Nachschub an Mikrochips aus Sachsen in Sicht: In der Globalfoundries-Fabrik zeigt eine Mitarbeiterin in Reinraumkleidung eine Siliziumscheibe, auf der durch Belichten und Ätzen viele Mikrochips entstanden sind. © dpa/Matthias Rietschel

Dresden. Nächste Woche hat Clara Rost ihre mündliche Abschlussprüfung. Die 22-jährige Auszubildende weiß aber schon, dass ihr Betrieb sie nach der Lehre übernimmt: Bei Infineon wird sie künftig als Mikrotechnologin im Reinraum arbeiten. Dort überwacht sie Anlagen, damit beim Belichten und Ätzen der Siliziumscheiben keine Fehler passieren.

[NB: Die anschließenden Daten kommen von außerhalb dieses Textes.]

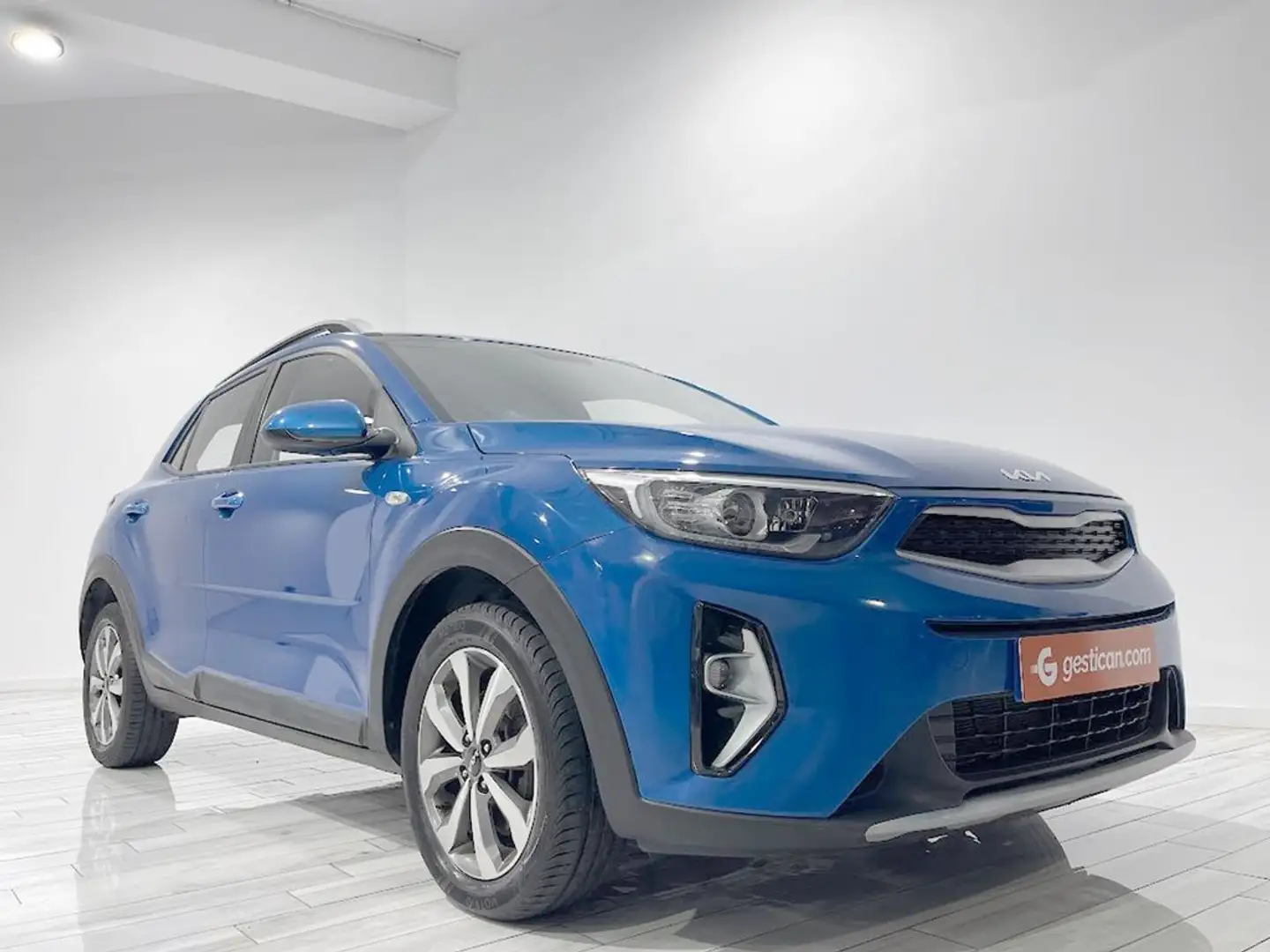 Kia Stonic 1.0 T-GDI 74KW 100CV Blau - 2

Ihren Schichtplan kennt Clara Rost schon: zwei Tage Frühschicht, zwei Tage Spätschicht, zwei Nachtschichten – dann vier Tage frei. Die Auszubildende durfte gestern dem Bundeswirtschaftsminister Peter Altmaier (CDU) beim Firmenbesuch in Dresden eine Scheibe mit Chips zeigen und erklären.

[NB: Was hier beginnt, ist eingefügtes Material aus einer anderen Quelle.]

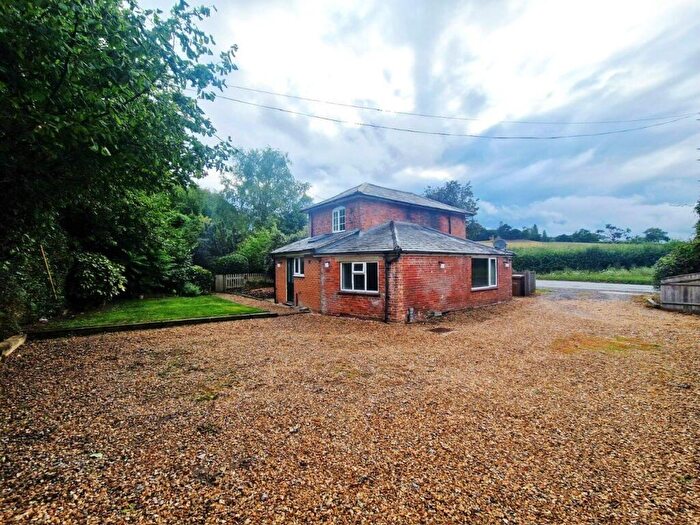 3 Bedroom Detached House To Rent In Mainstone, Romsey, Hampshire, SO51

Altmaier sprach gut gelaunt mehrere Lehrlinge an. Den Firmenchefs von Infineon und Globalfoundries versprach er neue Milliarden-Subventionen – damit Europa in dieser „strategisch wichtigen“ Branche nicht weiter von Asien und den USA abgehängt werde. Die Versorgungssicherheit sei wichtig, das habe sich jüngst beim Chip-Nachschubmangel etwa in der Autoindustrie gezeigt.

Reinraum reicht nicht für eine Million Scheiben

Die Chipproduzenten revanchierten sich bei Altmaier mit Wachstumsversprechen: Globalfoundries will in den nächsten zwei Jahren umgerechnet etwa 840 Millionen Euro für neue Maschinen in Dresden ausgeben. Damit soll die Kapazität der Fabrik rasch ausgebaut werden: Voriges Jahr verarbeitete sie 330.000 Scheiben zu Mikrochips, für dieses Jahr sind 530.000 vorgesehen. Im Jahr 2023 will Globalfoundries in Dresden dann eine Jahreskapazität von 850.000 Scheiben schaffen.

Allerdings hatte der Konzern schon einmal für das Jahr 2012 das Ziel eine Million Scheiben genannt und dieses Ziel später immer mal wiederholt. Konzernchef Tom Caulfield sagte dazu am Donnerstag auf Nachfrage, für eine Million sei der vorhandene Reinraum in Dresden gar nicht groß genug. Laut Firmensprecher Jens Drews sind aber „durch geschicktes Optimieren“ auch 900.000 zu schaffen.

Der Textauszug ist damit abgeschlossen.